Rocky is a 1976 American sports drama film directed by John G. Avildsen and both written by and starring Sylvester Stallone. It's the story of a small time boxer who gets a once in a lifetime chance to fight the heavyweight champ in a bout in which he strives to go the distance for his self-respect. The film was released on December 3, 1976.
Rocky Balboa is a struggling boxer trying to make the big time. Working in a meat factory in Philadelphia for a pittance, he also earns extra cash as a debt collector. When heavyweight champion Apollo Creed visits Philadelphia, his managers want to set up an exhibition match between Creed and a struggling boxer, touting the fight as a chance for a "nobody" to become a "somebody". The match is supposed to be easily won by Creed, but someone forgot to tell Rocky, who sees this as his only shot at the big time.
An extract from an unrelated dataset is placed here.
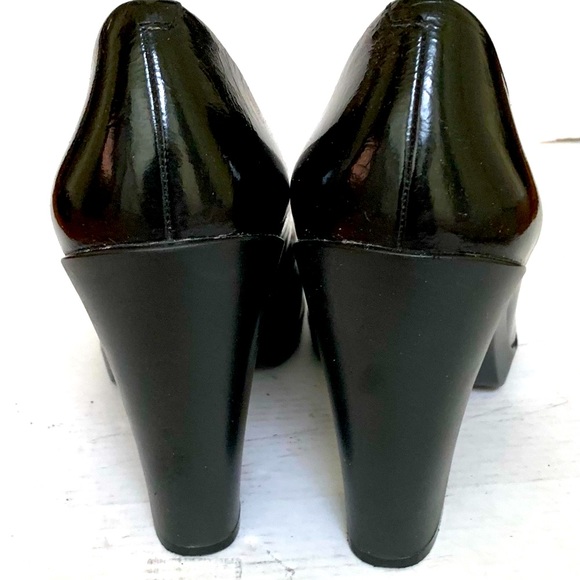 Black real patent leather square toe shoes with platform and light block heels - Picture 4 of 8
The film, made for only US$1.2 million, and shot relatively fast in 28 days, was a sleeper hit; it made over US$117.2 million, won three Oscars, including Best Picture, and garnered mostly positive reviews which helped to launch Stallone's career. The film spawned five sequels: Rocky II, III, IV, V and Rocky Balboa.
Rocky received positive reviews when it was released in 1976. Roger Ebert of the Chicago Sun-Times gave Rocky 4 out of 4 stars, and Box Office Magazine claimed that audiences would be "...touting Sylvester (Sly) Stallone as a new star". However, Vincent Canby of the New York Times called it "pure '30s make believe" and slammed both Stallone's acting and Avildsen's directing, calling the latter "...none too decisive..."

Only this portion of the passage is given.